Short descriptive text snippets:
----------------------------------------
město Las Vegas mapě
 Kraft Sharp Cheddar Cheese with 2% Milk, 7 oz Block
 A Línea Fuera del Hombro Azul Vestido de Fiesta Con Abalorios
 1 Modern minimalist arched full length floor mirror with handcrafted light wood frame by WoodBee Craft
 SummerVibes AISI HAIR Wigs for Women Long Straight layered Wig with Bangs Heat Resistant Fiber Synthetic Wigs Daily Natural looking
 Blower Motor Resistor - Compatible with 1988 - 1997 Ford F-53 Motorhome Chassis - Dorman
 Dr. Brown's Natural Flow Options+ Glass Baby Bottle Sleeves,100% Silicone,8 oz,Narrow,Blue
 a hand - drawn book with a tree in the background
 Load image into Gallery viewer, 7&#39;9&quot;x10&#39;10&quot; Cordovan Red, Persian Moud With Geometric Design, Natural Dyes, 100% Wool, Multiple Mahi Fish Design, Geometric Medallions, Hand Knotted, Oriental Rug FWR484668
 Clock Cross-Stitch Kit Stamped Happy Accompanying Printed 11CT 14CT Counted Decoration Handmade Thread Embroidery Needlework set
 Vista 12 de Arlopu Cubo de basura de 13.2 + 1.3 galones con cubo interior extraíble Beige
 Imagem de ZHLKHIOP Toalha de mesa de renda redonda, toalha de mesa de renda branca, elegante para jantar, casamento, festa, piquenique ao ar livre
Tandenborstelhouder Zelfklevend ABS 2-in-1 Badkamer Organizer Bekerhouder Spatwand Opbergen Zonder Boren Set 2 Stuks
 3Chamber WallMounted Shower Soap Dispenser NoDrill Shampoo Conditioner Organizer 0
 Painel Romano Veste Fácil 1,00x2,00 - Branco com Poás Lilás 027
----------------------------------------
[Task]: Copy out every entry, keeping each line exactly as it is.

[Worked solution]:
město Las Vegas mapě
 Kraft Sharp Cheddar Cheese with 2% Milk, 7 oz Block
 A Línea Fuera del Hombro Azul Vestido de Fiesta Con Abalorios
 1 Modern minimalist arched full length floor mirror with handcrafted light wood frame by WoodBee Craft
 SummerVibes AISI HAIR Wigs for Women Long Straight layered Wig with Bangs Heat Resistant Fiber Synthetic Wigs Daily Natural looking
 Blower Motor Resistor - Compatible with 1988 - 1997 Ford F-53 Motorhome Chassis - Dorman
 Dr. Brown's Natural Flow Options+ Glass Baby Bottle Sleeves,100% Silicone,8 oz,Narrow,Blue
 a hand - drawn book with a tree in the background
 Load image into Gallery viewer, 7&#39;9&quot;x10&#39;10&quot; Cordovan Red, Persian Moud With Geometric Design, Natural Dyes, 100% Wool, Multiple Mahi Fish Design, Geometric Medallions, Hand Knotted, Oriental Rug FWR484668
 Clock Cross-Stitch Kit Stamped Happy Accompanying Printed 11CT 14CT Counted Decoration Handmade Thread Embroidery Needlework set
 Vista 12 de Arlopu Cubo de basura de 13.2 + 1.3 galones con cubo interior extraíble Beige
 Imagem de ZHLKHIOP Toalha de mesa de renda redonda, toalha de mesa de renda branca, elegante para jantar, casamento, festa, piquenique ao ar livre
Tandenborstelhouder Zelfklevend ABS 2-in-1 Badkamer Organizer Bekerhouder Spatwand Opbergen Zonder Boren Set 2 Stuks
 3Chamber WallMounted Shower Soap Dispenser NoDrill Shampoo Conditioner Organizer 0
 Painel Romano Veste Fácil 1,00x2,00 - Branco com Poás Lilás 027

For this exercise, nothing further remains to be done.